Conditions resulting in decreased gallbladder contractility induce biliary stasis and are implicated in stone formation. This is seen in biliary dyskinesia, prolonged fasting and iatrogenic causes including total parenteral nutrition and octreotide administration [10, 11].

There are several patient characteristics that are independent risk factors for the development of gallstones. Native North and South Americans are much more likely to develop gallstones than other populations. This is likely due to a combination of dietary and genetic factors. The incidence of cholelithiasis is 2–3 times higher in women and is expected to occur in as many as 50 % of women by age 75 compared to only 25 % of men. This is most likely due to the presence of estrogen, which increases the liver’s removal of cholesterol from blood and deposits it into bile. Estrogen is also thought to promote the nucleation of cholesterol crystals out of micelles [12]. In fact, several studies have been performed to examine the relationship between gallstone formation and hormone replacement therapy with estrogen and progesterone in postmenopausal women. It appears that women who take hormone replacement therapy are 2–3 times more likely to develop gallstones and undergo cholecystectomy [13]. Additionally, pregnant patients are at increased risk for cholelithiasis due to the fact that estrogen increases cholesterol in bile and progesterone decreases gallbladder contractility [14].
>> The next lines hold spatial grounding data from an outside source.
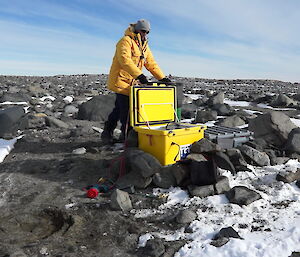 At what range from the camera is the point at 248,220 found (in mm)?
2902

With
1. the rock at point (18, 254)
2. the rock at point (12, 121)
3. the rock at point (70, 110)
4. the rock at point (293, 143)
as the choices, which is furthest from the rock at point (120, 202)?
the rock at point (70, 110)

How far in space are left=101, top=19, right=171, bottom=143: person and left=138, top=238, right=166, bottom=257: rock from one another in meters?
2.24

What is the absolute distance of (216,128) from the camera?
17.1ft

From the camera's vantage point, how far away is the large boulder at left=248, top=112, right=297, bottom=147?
5211 millimetres

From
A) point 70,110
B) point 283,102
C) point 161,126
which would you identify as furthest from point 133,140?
point 283,102

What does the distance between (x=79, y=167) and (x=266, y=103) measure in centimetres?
1021

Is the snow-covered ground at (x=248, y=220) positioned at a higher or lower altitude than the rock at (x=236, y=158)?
lower

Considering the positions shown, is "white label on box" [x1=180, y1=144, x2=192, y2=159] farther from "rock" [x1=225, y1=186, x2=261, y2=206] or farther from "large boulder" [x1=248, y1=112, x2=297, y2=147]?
"large boulder" [x1=248, y1=112, x2=297, y2=147]

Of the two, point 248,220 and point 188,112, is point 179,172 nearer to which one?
point 248,220

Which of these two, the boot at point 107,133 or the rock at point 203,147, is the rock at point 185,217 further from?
the boot at point 107,133

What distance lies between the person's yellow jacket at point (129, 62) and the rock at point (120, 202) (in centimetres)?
179

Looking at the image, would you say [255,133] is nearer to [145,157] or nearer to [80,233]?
[145,157]

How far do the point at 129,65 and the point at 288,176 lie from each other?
244 centimetres

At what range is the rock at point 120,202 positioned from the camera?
3258mm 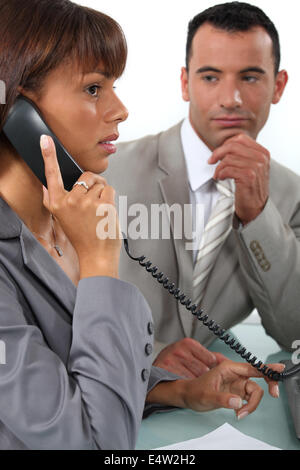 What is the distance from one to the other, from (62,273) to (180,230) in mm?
739

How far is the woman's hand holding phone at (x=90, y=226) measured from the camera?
833 millimetres

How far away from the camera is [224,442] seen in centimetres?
94

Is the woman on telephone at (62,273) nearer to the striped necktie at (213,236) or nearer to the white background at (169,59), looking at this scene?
the striped necktie at (213,236)

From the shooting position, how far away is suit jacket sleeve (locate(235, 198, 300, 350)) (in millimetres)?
1473

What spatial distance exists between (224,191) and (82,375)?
0.99 meters

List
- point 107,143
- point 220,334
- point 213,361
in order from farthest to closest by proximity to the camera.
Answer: point 213,361, point 220,334, point 107,143

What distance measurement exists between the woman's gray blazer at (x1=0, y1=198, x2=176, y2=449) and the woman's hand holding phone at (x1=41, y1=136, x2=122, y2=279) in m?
0.03

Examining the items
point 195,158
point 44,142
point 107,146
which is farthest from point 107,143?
point 195,158

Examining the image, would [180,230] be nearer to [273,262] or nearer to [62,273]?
[273,262]

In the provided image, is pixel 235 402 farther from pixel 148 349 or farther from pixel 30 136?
pixel 30 136

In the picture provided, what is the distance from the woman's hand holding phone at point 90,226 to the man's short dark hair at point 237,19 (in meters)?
0.96

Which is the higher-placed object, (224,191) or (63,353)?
(224,191)

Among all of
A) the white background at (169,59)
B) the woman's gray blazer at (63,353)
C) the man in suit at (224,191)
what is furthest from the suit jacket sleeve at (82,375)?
the white background at (169,59)

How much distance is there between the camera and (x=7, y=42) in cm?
84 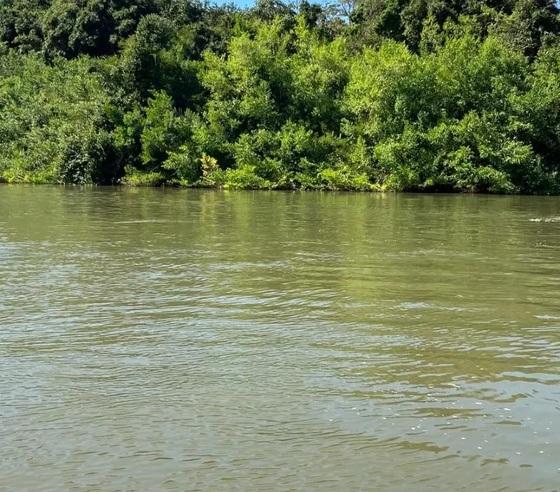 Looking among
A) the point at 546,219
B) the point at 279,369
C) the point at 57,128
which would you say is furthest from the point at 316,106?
the point at 279,369

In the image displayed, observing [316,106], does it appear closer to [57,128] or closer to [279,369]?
[57,128]

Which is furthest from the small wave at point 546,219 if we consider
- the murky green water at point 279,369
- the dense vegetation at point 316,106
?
the dense vegetation at point 316,106

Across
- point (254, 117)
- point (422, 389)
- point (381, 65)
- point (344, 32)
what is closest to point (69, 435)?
point (422, 389)

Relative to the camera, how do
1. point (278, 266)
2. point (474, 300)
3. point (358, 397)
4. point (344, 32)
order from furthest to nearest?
1. point (344, 32)
2. point (278, 266)
3. point (474, 300)
4. point (358, 397)

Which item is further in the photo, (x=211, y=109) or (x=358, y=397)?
(x=211, y=109)

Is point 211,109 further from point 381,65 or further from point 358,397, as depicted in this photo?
point 358,397

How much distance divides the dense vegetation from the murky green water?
24.2 meters

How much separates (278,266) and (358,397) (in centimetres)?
652

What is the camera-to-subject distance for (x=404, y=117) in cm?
3844

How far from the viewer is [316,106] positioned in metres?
42.9

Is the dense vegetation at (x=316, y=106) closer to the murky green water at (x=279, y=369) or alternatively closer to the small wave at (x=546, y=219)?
the small wave at (x=546, y=219)

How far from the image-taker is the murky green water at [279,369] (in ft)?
13.2

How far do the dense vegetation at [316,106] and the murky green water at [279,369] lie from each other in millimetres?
24227

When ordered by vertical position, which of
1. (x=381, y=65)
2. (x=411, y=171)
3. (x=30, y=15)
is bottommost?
(x=411, y=171) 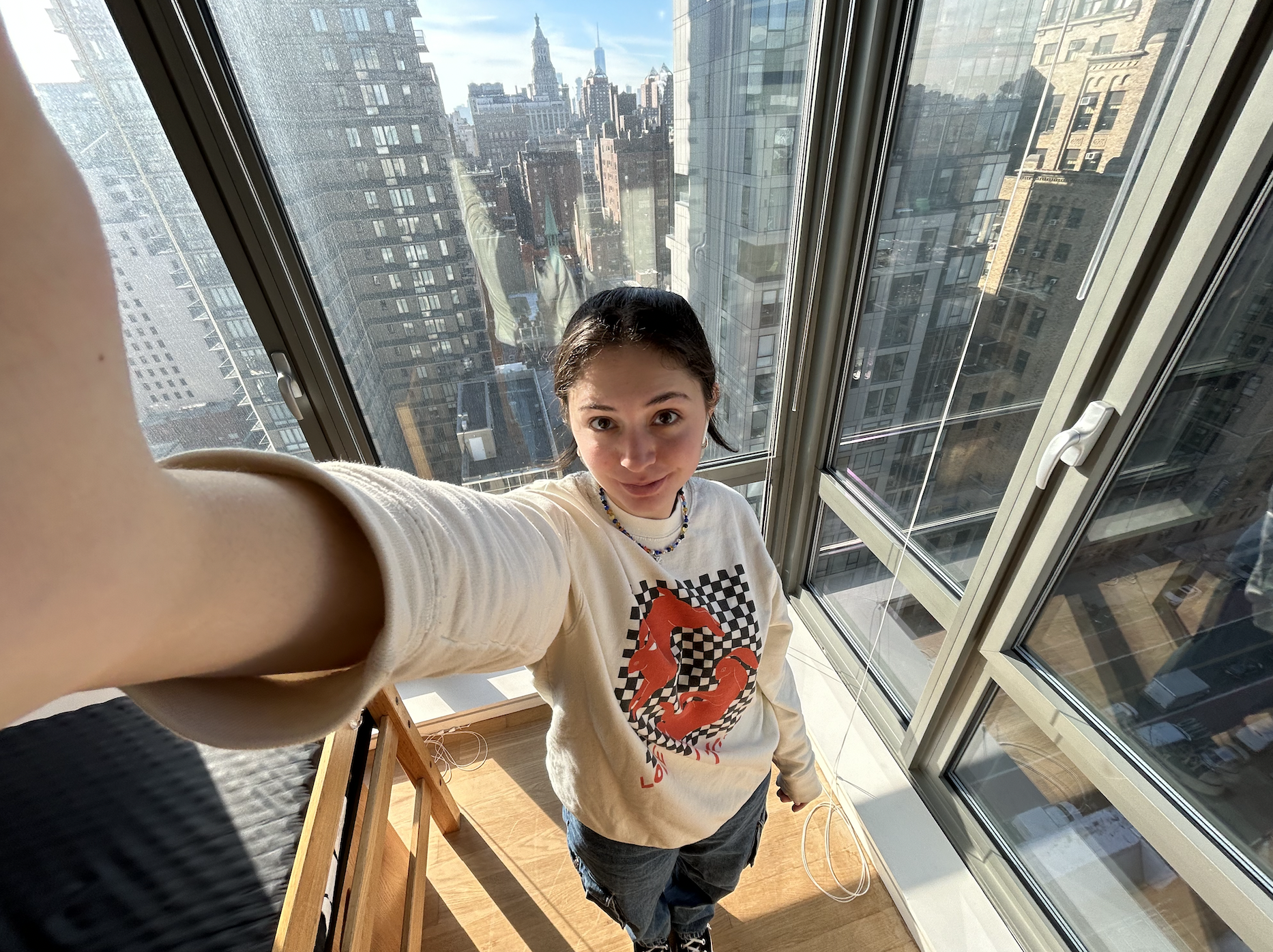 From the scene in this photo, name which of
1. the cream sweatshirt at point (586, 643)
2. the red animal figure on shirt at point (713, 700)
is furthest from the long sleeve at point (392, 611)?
the red animal figure on shirt at point (713, 700)

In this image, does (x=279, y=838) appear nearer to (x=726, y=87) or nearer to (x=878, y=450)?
(x=878, y=450)

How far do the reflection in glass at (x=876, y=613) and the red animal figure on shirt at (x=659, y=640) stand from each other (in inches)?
33.7

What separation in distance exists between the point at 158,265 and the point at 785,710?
4.52 feet

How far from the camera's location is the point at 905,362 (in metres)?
1.28

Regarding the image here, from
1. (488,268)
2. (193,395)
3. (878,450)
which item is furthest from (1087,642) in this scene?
(193,395)

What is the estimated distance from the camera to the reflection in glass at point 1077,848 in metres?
0.91

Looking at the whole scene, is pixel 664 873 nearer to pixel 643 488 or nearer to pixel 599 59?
pixel 643 488

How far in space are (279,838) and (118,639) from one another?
738 mm

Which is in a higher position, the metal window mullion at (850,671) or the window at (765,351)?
the window at (765,351)

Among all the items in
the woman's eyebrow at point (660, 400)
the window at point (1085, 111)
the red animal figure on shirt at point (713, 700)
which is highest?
A: the window at point (1085, 111)

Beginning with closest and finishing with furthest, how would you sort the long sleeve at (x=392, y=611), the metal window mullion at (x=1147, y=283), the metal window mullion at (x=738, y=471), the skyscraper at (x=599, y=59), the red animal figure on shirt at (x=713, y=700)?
the long sleeve at (x=392, y=611), the metal window mullion at (x=1147, y=283), the red animal figure on shirt at (x=713, y=700), the skyscraper at (x=599, y=59), the metal window mullion at (x=738, y=471)

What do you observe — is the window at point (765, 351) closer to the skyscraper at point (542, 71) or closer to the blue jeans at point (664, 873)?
the skyscraper at point (542, 71)

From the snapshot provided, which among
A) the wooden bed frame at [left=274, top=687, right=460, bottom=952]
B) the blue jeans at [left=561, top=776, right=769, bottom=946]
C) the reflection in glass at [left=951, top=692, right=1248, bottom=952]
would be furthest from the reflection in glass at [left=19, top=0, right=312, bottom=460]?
the reflection in glass at [left=951, top=692, right=1248, bottom=952]

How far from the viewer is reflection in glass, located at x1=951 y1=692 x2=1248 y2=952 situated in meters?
0.91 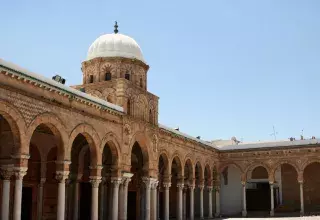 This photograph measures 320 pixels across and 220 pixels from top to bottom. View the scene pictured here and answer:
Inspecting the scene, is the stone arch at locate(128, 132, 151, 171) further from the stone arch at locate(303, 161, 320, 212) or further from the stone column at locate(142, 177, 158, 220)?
the stone arch at locate(303, 161, 320, 212)

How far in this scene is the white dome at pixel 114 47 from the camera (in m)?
24.4

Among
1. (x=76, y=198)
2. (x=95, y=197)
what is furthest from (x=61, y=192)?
(x=76, y=198)

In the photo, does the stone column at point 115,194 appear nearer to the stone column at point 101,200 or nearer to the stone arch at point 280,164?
the stone column at point 101,200

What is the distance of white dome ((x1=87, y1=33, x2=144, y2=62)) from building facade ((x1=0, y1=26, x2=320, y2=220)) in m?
0.06

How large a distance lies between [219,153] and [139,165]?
497 inches

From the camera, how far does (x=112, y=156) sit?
20.7 meters

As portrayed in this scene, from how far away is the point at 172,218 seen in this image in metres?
34.0

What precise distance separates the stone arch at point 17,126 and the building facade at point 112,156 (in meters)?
0.03

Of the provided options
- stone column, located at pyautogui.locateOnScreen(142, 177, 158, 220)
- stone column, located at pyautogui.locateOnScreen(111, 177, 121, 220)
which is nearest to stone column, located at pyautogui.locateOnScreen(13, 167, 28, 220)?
stone column, located at pyautogui.locateOnScreen(111, 177, 121, 220)

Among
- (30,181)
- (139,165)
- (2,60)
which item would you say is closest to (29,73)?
(2,60)

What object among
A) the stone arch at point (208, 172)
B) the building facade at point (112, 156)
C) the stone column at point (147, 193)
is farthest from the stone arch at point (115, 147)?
the stone arch at point (208, 172)

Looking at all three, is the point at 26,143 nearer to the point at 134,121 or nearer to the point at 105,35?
the point at 134,121

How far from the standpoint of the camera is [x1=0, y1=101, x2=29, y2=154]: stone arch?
562 inches

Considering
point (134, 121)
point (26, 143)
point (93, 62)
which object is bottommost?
point (26, 143) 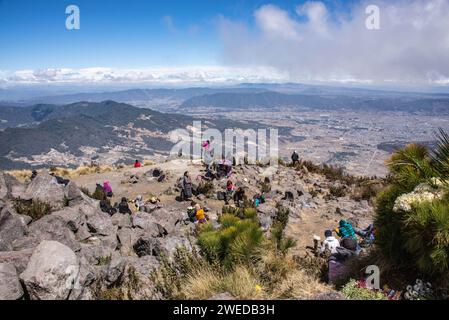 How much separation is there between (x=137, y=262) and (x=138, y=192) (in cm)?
1254

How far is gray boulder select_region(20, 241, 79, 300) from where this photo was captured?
460 centimetres

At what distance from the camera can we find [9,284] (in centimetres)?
Answer: 459

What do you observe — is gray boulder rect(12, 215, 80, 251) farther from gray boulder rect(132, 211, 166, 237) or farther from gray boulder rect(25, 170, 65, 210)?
gray boulder rect(25, 170, 65, 210)

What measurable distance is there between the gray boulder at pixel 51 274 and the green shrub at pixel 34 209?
5628mm

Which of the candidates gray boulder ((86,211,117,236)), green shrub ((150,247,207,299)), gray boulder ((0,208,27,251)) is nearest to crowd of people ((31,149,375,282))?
green shrub ((150,247,207,299))

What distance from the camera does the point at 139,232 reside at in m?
9.92

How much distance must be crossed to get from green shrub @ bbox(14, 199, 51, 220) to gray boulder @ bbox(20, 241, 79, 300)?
5.63m

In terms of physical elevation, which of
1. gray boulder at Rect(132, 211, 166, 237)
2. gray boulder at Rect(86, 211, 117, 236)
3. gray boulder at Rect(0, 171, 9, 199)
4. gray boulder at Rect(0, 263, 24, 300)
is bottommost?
gray boulder at Rect(132, 211, 166, 237)

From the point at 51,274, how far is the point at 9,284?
1.75ft

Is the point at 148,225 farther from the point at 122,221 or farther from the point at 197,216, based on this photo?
the point at 197,216

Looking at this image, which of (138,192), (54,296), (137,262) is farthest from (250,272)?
(138,192)

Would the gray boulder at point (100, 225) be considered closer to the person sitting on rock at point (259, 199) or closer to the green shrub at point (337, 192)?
the person sitting on rock at point (259, 199)

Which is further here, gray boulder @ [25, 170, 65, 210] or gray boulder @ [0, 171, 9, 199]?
gray boulder @ [25, 170, 65, 210] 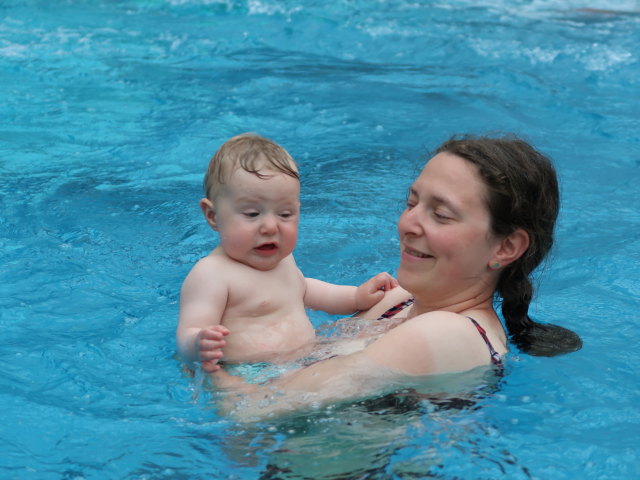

Obesity, metabolic syndrome, and diabetes mellitus also increase the risk of gallstones. This is presumed to be secondary to increases in liver synthesis of cholesterol due to increased activity of HMG-CoA reductase activity. This causes an increase in the percentage of cholesterol in bile causing supersaturation and precipitation of stones [15]. Interestingly, rapid weight loss and bariatric surgery can also predispose patients to the development of gallstones. Rapid weight loss causes net excretion of cholesterol into bile, and fat-restricted diets can lead to decreased gallbladder contractility and stasis [16]. Diabetes is often associated with increased levels of cholesterol, although decreased intestinal and gallbladder motility due to autonomic dysfunction may also contribute to gallstone formation.